Tuesday, August 10, 2010

August 10, 2010

I've never done a blog before, but I want to begin this because I know there's got to other daughters and sons out there experiencing the same things I am.
My Mom, Wilma, who turned 90 years old this year, was diagnosed with Alzheimer's on April 26, 2010. That date is burned into my memory. Since her diagnosis, she has been taking Namenda, and for a few weeks, I could see an improvement. But for the last month, she's gotten worse. We have an appointment with a neurologist on Thursday, Aug. 12.
I began to write down what I was thinking in January when I quit my job. I was thinking about a blog then, but I was so caught up in taking Mom to appointments and dealing with my sister who doesn't want to admit Mom is sick or offers to help, that I just didn't do it until today.
Please write down your thoughts for me. Tell me if I'm losing my mind. all I want to do is be a good daughter and give Mom the best care I can possibly give. And most of the time, I feel like I don't.
So here goes.


Monday, January 11, 2010
Mom is worse today. I had to guide her about making her oatmeal this morning. She had made her toast but hadn't started her oatmeal yet, so I had to tell her to get the pan, get the oatmeal, get the measuring cups, sugar, etc. Sigh. It's so hard to realize that this woman who has been such a rock in my life is no longer that rock. Now I am the parent and she is the child. Once in a while, Mom will shine through all that haze, but not very often.
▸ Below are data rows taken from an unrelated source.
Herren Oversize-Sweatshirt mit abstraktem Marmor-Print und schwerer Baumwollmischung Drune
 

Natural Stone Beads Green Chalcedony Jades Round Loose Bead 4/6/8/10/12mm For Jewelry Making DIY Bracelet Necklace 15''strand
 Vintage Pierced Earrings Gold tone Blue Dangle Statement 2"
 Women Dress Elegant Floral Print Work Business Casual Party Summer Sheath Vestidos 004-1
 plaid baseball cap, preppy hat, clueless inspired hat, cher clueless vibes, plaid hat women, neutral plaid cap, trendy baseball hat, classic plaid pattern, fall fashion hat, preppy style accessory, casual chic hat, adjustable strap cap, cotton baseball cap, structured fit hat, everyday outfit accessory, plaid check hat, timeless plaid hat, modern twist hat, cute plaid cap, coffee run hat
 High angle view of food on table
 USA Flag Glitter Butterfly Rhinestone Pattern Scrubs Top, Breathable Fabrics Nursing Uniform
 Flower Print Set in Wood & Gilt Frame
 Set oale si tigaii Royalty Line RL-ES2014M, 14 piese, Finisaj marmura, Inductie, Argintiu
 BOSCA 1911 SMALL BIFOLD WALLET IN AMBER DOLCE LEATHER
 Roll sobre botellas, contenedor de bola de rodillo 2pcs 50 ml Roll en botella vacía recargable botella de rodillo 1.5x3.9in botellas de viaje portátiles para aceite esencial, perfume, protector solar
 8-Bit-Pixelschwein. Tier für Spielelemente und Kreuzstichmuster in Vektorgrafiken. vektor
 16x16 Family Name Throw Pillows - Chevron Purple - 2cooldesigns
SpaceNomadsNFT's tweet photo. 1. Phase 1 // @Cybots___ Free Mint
Today was a weird day. I actually had to rethink my whole day because it was the first day I didn't go to work. 

Tuesday, August 10, 2010
Today is the first day Mom couldn't remember my name. She had to ask me what my name is. I feel like this is a milestone that is marked by how bad she is really getting. She can't remember Martha's name (she is my only sister) half the time, but that's because Martha isn't spending much time with her. 
Mom also picked some strawberries today. Most of them were rotten and I had to throw them away. This is only the second time she has attempted to pick them, and that's good that she even gets into the garden. The only time she goes outside any more is when she takes the dog out.
She's having a difficult day. I had to physically help her get her breakfast, the second day for this. She couldn't recognize what toast was. Yesterday she put her toast on a cereal bowl instead of a plate. But each morning, step by step, I must tell her what to do. I admit some mornings I just want to do it myself. It would be easier. But I figure as long as she's able to fix her breakfast, she should. I think it's good for her and it makes her feel a little useful.
This is the most difficult job I've ever had. I guess that's my mantra for now.
And I keep praying that God will take her home before she gets too bad. I just don't think I could take it if she got as bad as Maxine (Mom's best friend who recently dies from Alzheimer's) was. I think my heart would literally break.
And the financial worries are just overwhelming. I just hope we can get Mom's car sold before the end of the month or we're going to be in a world of hurt. I try to not let it bother me, but evidently it is because the muscles in my back are killing me. Not so bad today as yesterday, but I had to get up about 4 a.m. and take some ibuprofen. It's still cramping a little and usually that's where all my stress goes.